I reordered my doggy supplies right before Jim remarked, "So, get a refund."

Woops. I never do things right.

Now just getting the refund would probably be a nightmare, explaining that I needed a refund for the order BEFORE the reorder.....I dreaded the conversation already...



*I call it road cone cheese because you could only get cheese that color by milking a road cone.  Milk from cows is not Halloween orange.  I'm from Maine.  In New England we have pale milk in midwinter and we deal with it, we don't dye it.  All the great cheeses, which include not only Vermont white cheddar, but also so many of the great cheeses from Portuguese cuisine like Monchego, Peccorino,Romano, Mozarella, etc., are WHITE cheeses.  The color on the surface of a great mac n' cheese comes from being slowly baked with a breadcrumb abd butter topping and is honestly earned, although a very light sprinkling of paprika, or even cayenne(particularly in the case of LOBSTER mac n' cheese) is, in some cases, tolerated.

Wednesday, June 7, 2023

Kong Geekery

 I was inspired to dtart feeding Georgie with Kongs by this You Tube post:

https://www.youtube.com/watch?v=LwZI1isnvPQ

It's more work than I anticipated, because of two things:

Georgie isn't that into frozen.

I like making them fresh for him.

It's a pleasure to think about what I can do for him, and how to keep the good ideas progressing.  For instance, I over-treat, because especially with him being so new here there's lots of adjustment, which means lots of trainng and so lots of treats.  The danger there is putting too much weight on his little frame too quickly, which could lead to injury.really

I can offset this with the meal kongs by adding lots of low-calorie but tasty foods, like frozen bluberries and frozen (just as sweet as fresh, when you let them thaw)green peas, fresh strawberries and bananas.  I always use mostly his kibble, since it's supposedly nutritionally balanced and my vet gave it the nod of approval.  I can also add low calorie protien like hard boiled egg whites, and the yolk for occasional luxury when a kong has lots of thing like chopped cellery and berries and cucumber.  

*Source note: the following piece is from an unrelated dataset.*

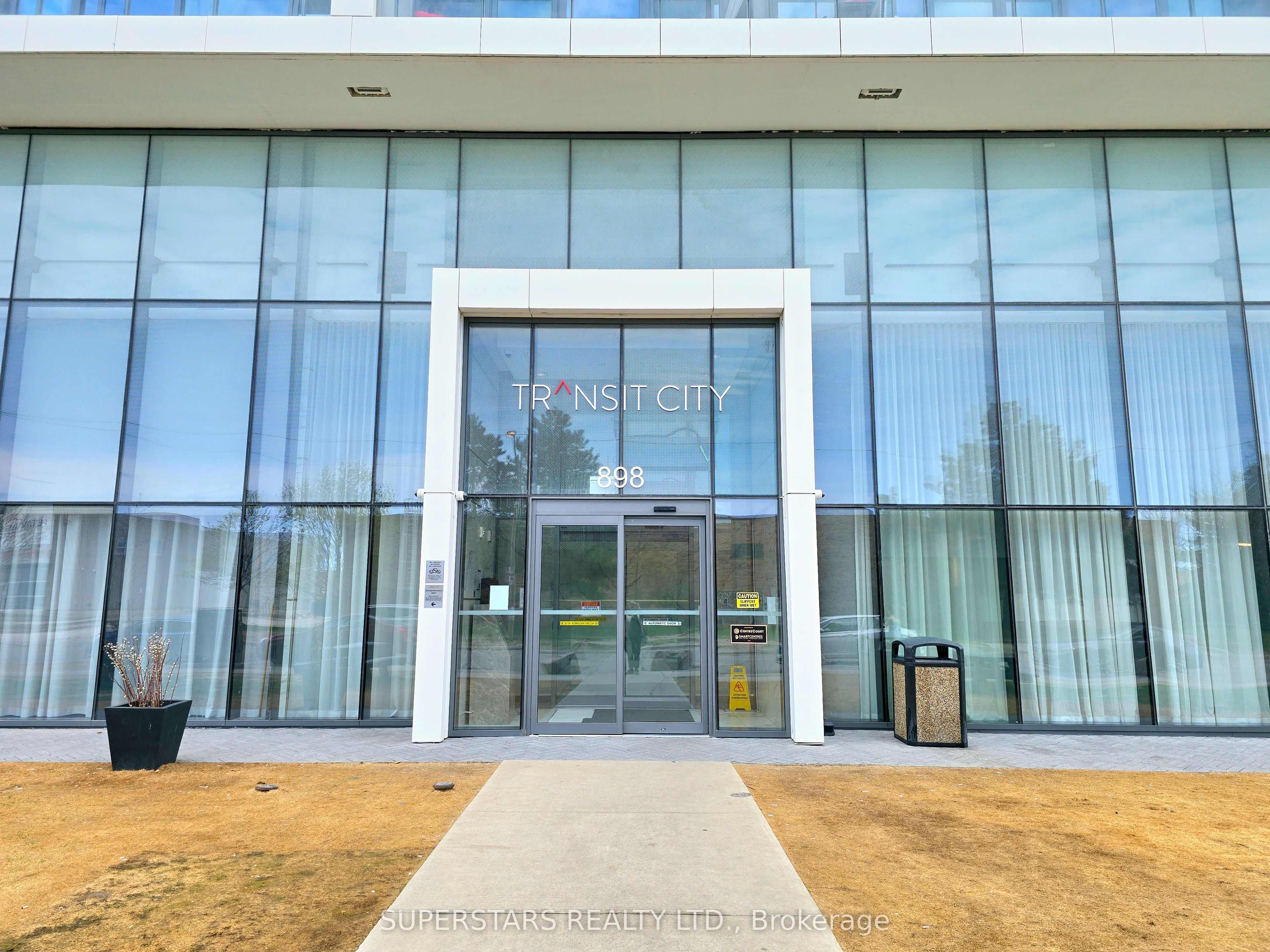 898 Portage Parkway 5002, Vaughan, ON L4K 0J6 photo 2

I also like to drop in the occasional teaspoon of full fat yogurt.  A little luxury, because alll us animals need that!

We need variety and surprises and nice flavors and textures and these things thoughtfully put together.

Plus, its a BLAST.

I think of myself now as a Dog Chef, part time.

I sliced up three bananas and coated them in almond flour before tossing in the freezer.  

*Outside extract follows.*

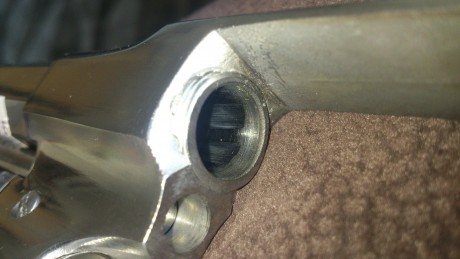 Hola.

Tengo dos revólveres Uberti un "Improved" con armazón forjado y uno en acero inoxidable. 00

I do freeze ELEMENTS that go in the kong, but not kibble slurry(yuck).  My observations told me that the recommended frozrn kongs made for discouraging and unsatisfying fare, which mde the kongs unattractive and therefore ineffective.  Room temp worked much better, even with frozen elements included.  I aim for sweet next to sour, smooth next to crunchy, rich next to refreshing, the way I like a bite of salad.  

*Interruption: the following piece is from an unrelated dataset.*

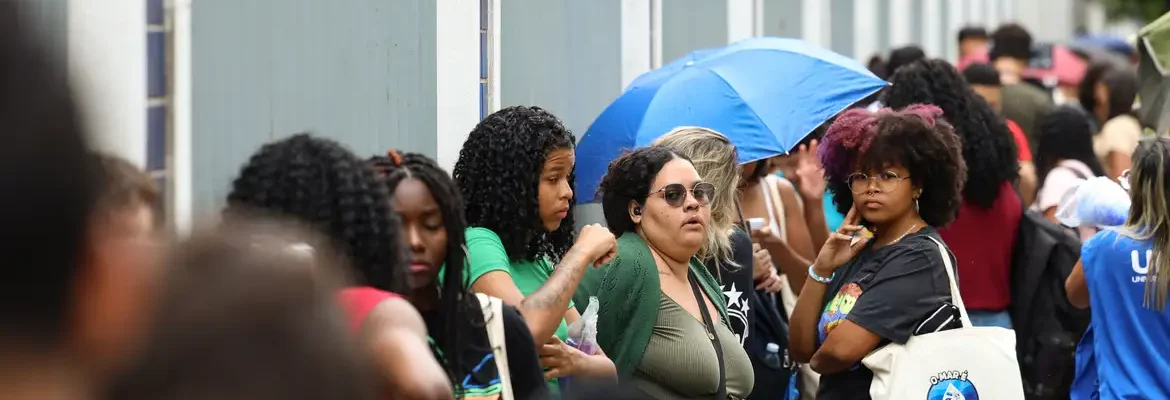 Enem 2025: Candidatos fazem provas do segundo dia até 18h30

The last two days, employing this philosophy, have yeilded better results.  Georgie has been more eager for the kongs, has enjoyed them longer, and I think he's been in a better mood, more accomodating and sweeter natured overall.  The way we all are when we're getting nicely fed.

We are getting to know each other better in many ways, which is especially gratifying because Georgie is huge of heart, generous and kind-natured as well as intelligent.  It instills in me a longing simply to do right by him.